*** Records supplied ***

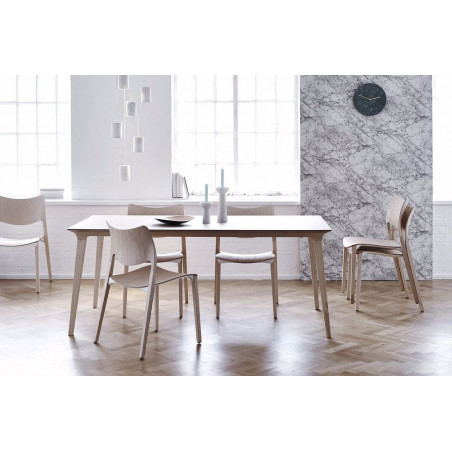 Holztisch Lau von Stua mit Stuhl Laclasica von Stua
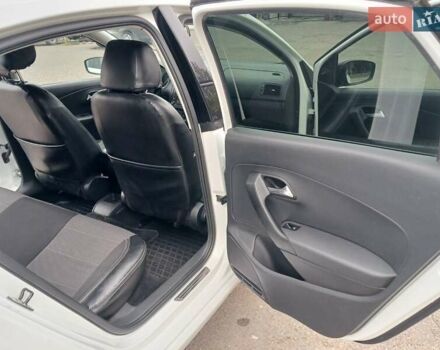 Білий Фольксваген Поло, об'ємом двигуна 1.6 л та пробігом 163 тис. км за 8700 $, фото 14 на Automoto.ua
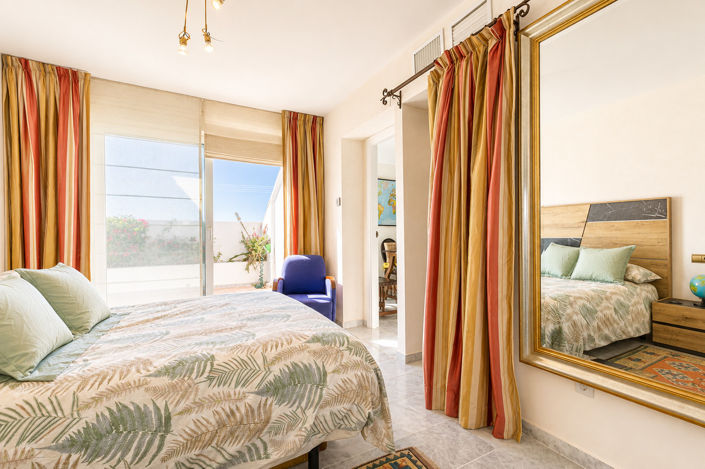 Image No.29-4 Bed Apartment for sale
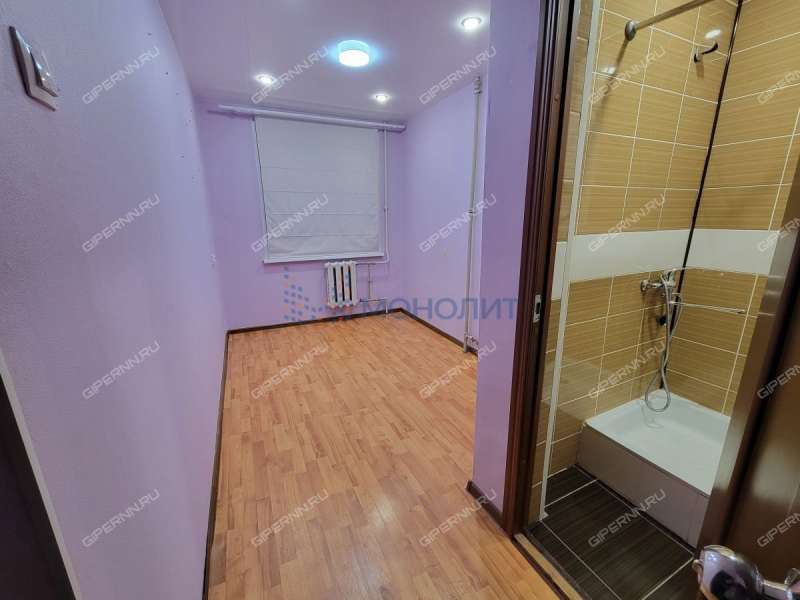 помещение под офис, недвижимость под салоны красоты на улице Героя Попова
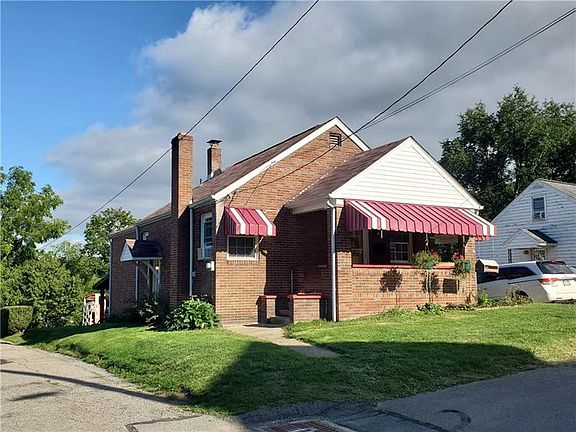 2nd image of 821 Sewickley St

*** End of Records supplied ***

-- Task --
Reproduce exactly and only the lines from the line that contains "помещение под офис, недвижимость" to the end of the data above, both ends included. No pictures go in the copy.

-- Your solution --
 помещение под офис, недвижимость под салоны красоты на улице Героя Попова
 2nd image of 821 Sewickley St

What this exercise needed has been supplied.